Using the material below, print the line that contains "CASA EN VENTA EN SAYULITA.", the line that contains "Casa de 5 alcobas", and every line in between, exactly and nothing else.

#### Dataset records ####

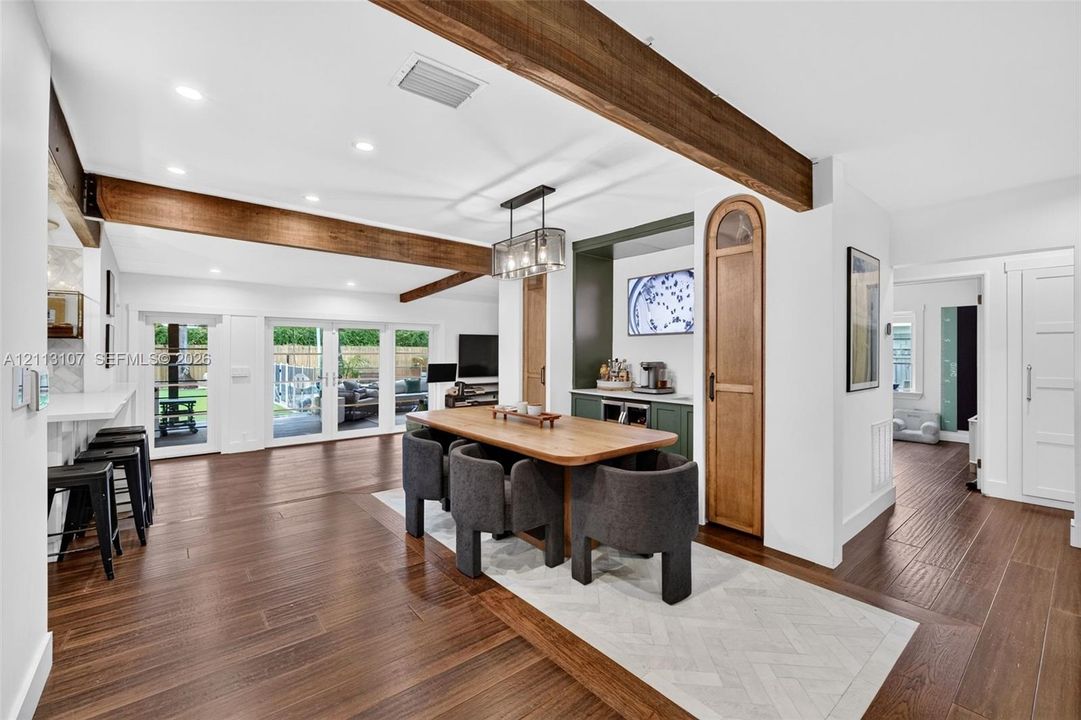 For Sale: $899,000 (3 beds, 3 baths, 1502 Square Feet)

####
#### Dataset records ####

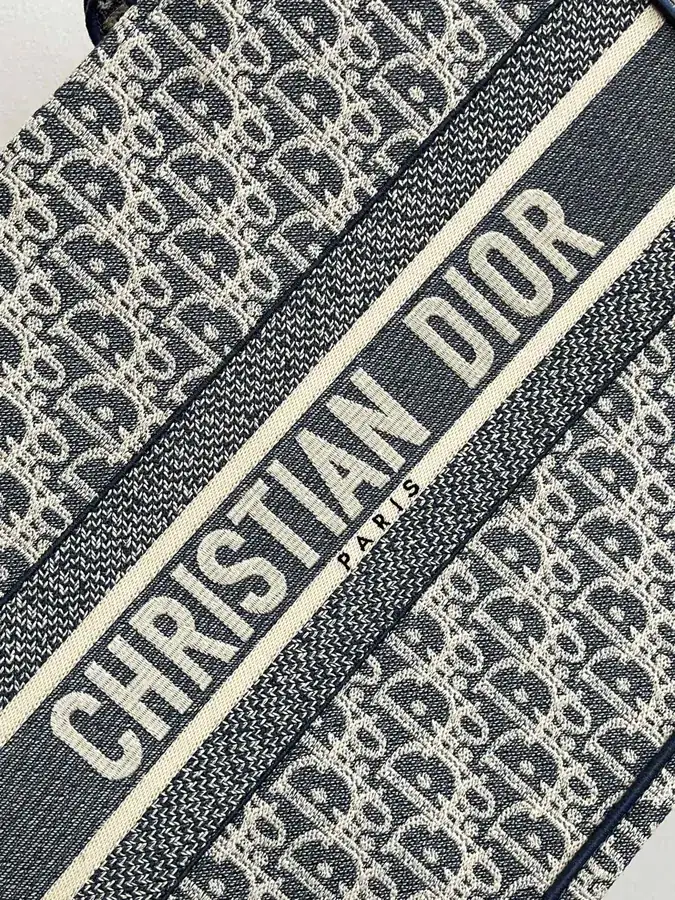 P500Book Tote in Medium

####
#### Dataset records ####

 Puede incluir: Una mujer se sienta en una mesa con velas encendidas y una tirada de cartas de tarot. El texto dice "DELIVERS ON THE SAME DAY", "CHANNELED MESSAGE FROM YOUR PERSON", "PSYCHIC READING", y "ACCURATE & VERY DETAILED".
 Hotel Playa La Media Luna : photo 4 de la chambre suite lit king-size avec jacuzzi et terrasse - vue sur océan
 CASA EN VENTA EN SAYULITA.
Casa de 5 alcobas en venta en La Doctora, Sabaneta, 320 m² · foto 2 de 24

####

- Written reply -
 CASA EN VENTA EN SAYULITA.
Casa de 5 alcobas en venta en La Doctora, Sabaneta, 320 m² · foto 2 de 24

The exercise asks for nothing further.